Namdev and the Warkaris

Namdev (1270-1350) seems to be the first revolutionary saint-poet about whose life some information is available. A closer look at his life is necessary, as he was certainly the first to strengthen the expressive techniques of the movement. Son of a Shudra tailor, he was the most respected leader of his time because he organised a whole group of active men from all communities under the banner of the Warkari cult. A widely travelled man, he is believed to have received the new ideas of bhakti from the south, and there is evidence that he spread them in the north in the early 14th century. As the bhakti cult expounded by him was broad in structure, it spread rapidly in the north in the late 14th century, absorbing spontaneously various regional varieties of worship without any conflict. He was a close associate of the pioneers of the Bhakti movement in the north. His ideas even obliterated the border between Hinduism and Islam by pointing out the bigoted character of both these religions, in effect, developing a strategy to criticise the two major fundamentalist enemies. Therefore, he became the most popular literary-religious leader of the downtrodden of his times, cutting across both the rigid faiths. He says in one of his Hindi songs:

The Hindu is blind and the Muslim is cross-eyed.

A saint is certainly better than both of them.

The Hindu worships his temple, the Muslim worships his mosque.

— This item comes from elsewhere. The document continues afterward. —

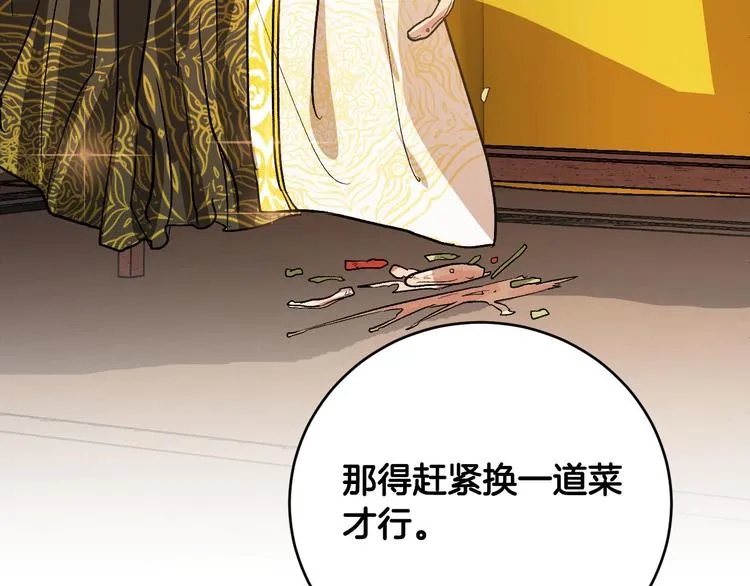第43话 借刀杀人 第143页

Namdev will worship neither the temple nor the mosque.



In one of the Hindi padas, he says:

Give up all worship,

All activity.

Give up all distinctions,

Keep your mind on Govind. ( Pada, 63)

He ridiculed those who performed horse-sacrifices, gave gold in charity, offered rice balls in Gaya, lived in sacred Banaras, chanted the Vedas and followed the six Brahmin duties ( yajna, yajana, adhyayana, adhyapana, dana and pratigraha). To quote him,

These clowns

with their sacred beads

and rosaries

know nothing about truth.

They see nothing

but claim to give insight to others.

Can deception lead to liberation? ( Pada, 64)

Another curt statement goes like this:

I gather no leaves

for ritual offerings.

There is no god

in the shrine ( Pada, 65)

His attitude to the body was similar to that of the Veerashaivas and yet different.

Body is false,

says Namdev.

And yet it is real

if Ram is your lover ( Pada, 73).

He gave up idols when he understood the truth:

I had my faith in iron and copper

I had chains around my feet.

But now, I have no fear of this ocean of sansar ( Pada, 68)

Preaching while singing

With this broad foundation, Namdev spread his cult, which did not even have any particular name. His verses were incorporated in the Holy Granth Sahib by the later Sikh leaders. His method of challenging Muslim fanaticism and Brahmin domineering was subtle and full of humility, disarming and apologetic; but at all stages of his activity he was very sure of his means and ends. Most effective in his quiet revolt, he was the first to accept the “untouchable” communities in his liberal sect. A contemporary poet Janabai, a slave-girl, calls him “the Head of a Joint family of saint-poets”. She describes him in another lyric as “a half-naked figure, dancing wildly on the sands of the Chandrabhaga at Pandharpur, singing his lyrics, preaching his radical principles to the crowd”. This is the first reference in Warkari lore to the popularity of the revolutionary style of “preaching while singing”. Namdev himself has said:

We will dance in the Kirtan

and light the lamps of knowledge

in this world.

Namdev advised the common folk to express openly to get over their sorrow, temptation and suffering. This was followed in letter and spirit by his family and followers.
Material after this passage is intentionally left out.